TUNIS, Tunisia — Leaders meeting in Tunisia for the annual Arab League summit on Sunday were united in their condemnation of Trump administration policies seen as unfairly biased toward Israel but divided on a host of other issues, including whether to readmit founding member Syria.
This year’s summit comes against a backdrop of ongoing wars in Syria and Yemen, rival authorities in Libya and a lingering boycott of Qatar by four fellow League members. Algeria’s President Abdelaziz Bouteflika and Sudan’s President Omar al-Bashir skipped the meeting as they contend with mass protests against their long reigns.
Representatives from the 22-member league - minus Syria - aim to jointly condemn President Donald Trump’s recognition of Israeli control over the Golan Heights, which Israel seized from Syria in the 1967 war, and Trump’s decision last year to recognize Jerusalem as Israel’s capital.
One of the few things that have united the Arab League over the last 50 years is the rejection of Israel’s occupation of the Golan Heights as well as east Jerusalem and the West Bank, territories seized in the 1967 war that the Palestinians want for their future state.
The international community, including the United States, largely shared that position until Trump upended decades of U.S. policy by moving the U.S. Embassy to Jerusalem last year and recognizing Israel’s annexation of the strategic Golan plateau earlier this month.
The Arab leaders meeting in Tunisia are expected to issue a statement condemning those moves but are unlikely to take any further action.
That’s in part because regional powerhouses Saudi Arabia and the United Arab Emirates have cultivated close ties with the Trump administration, viewing it as a key ally against their main rival, Iran. Both are under pressure over their devastating three-year war with Yemen’s Houthi rebels, and Riyadh is still grappling with the fallout from the killing of Washington Post columnist Jamal Khashoggi by Saudi agents last year.
Lebanon’s Foreign Minister Gebran Bassil said Saturday that Arab ministers had voiced support in a preparatory meeting for a declaration that Trump’s Golan move violates the U.N. Charter, which prohibits acquiring territories by force.
The Arab League is also expected to consider readmitting Syria, a founding member that was expelled in the early days of the 2011 uprising against President Bashar Assad. But officials speaking ahead of the meeting said it was unlikely Syria would be welcomed back anytime soon.
The United Arab Emirates reopened its embassy in Damascus last year, and other Arab states have expressed support for restoring relations.
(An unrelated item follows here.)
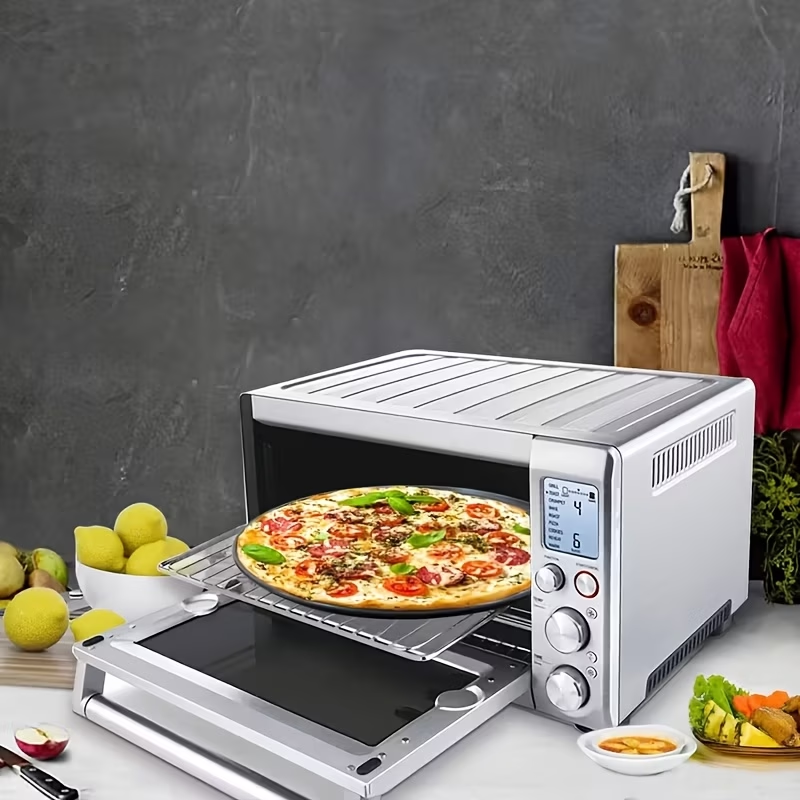 Two pizza baking pans, each 30.48 cm in diameter, feature ventilation holes for improved cooking efficiency and a non-stick coating, making them ideal for oven use.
But Saudi Arabia and Qatar have actively supported the rebels trying to overthrow Assad, and many other states view his government as an Iranian proxy that should continue to be shunned.
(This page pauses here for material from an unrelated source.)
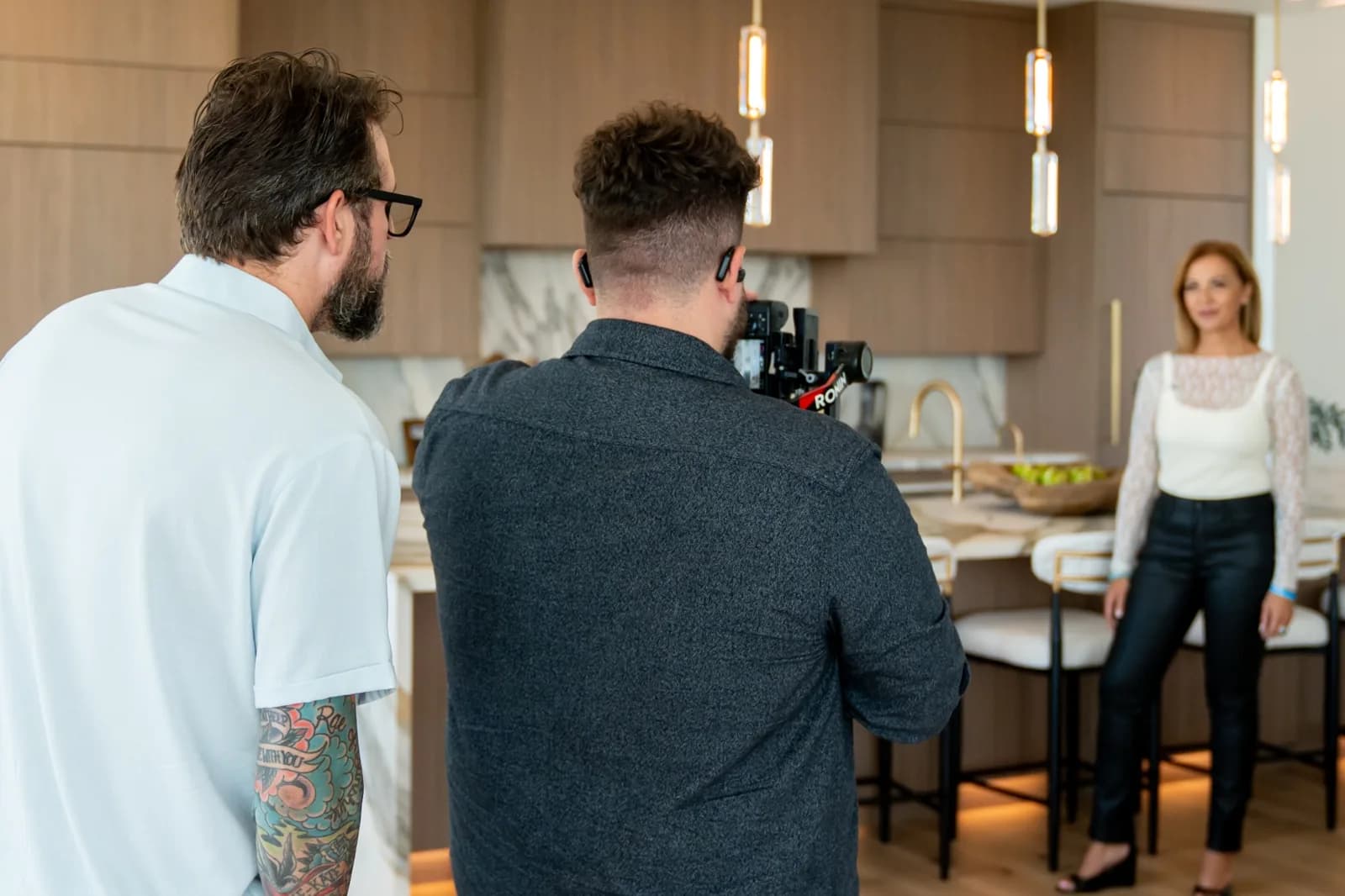 A BReal camera crew filming Rebecca in a white blouse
In a rare sign of easing tensions across another regional rift, Saudi Arabia’s King Salman and Qatar’s Emir Khalifa bin Hamad Al Thani sat at the same sprawling table when the heads of delegations met Sunday. It was the first time the two leaders have appeared in the same room since Saudi Arabia led the boycott of Qatar nearly two years ago over Doha’s ties to Iran and its support for regional Islamist groups.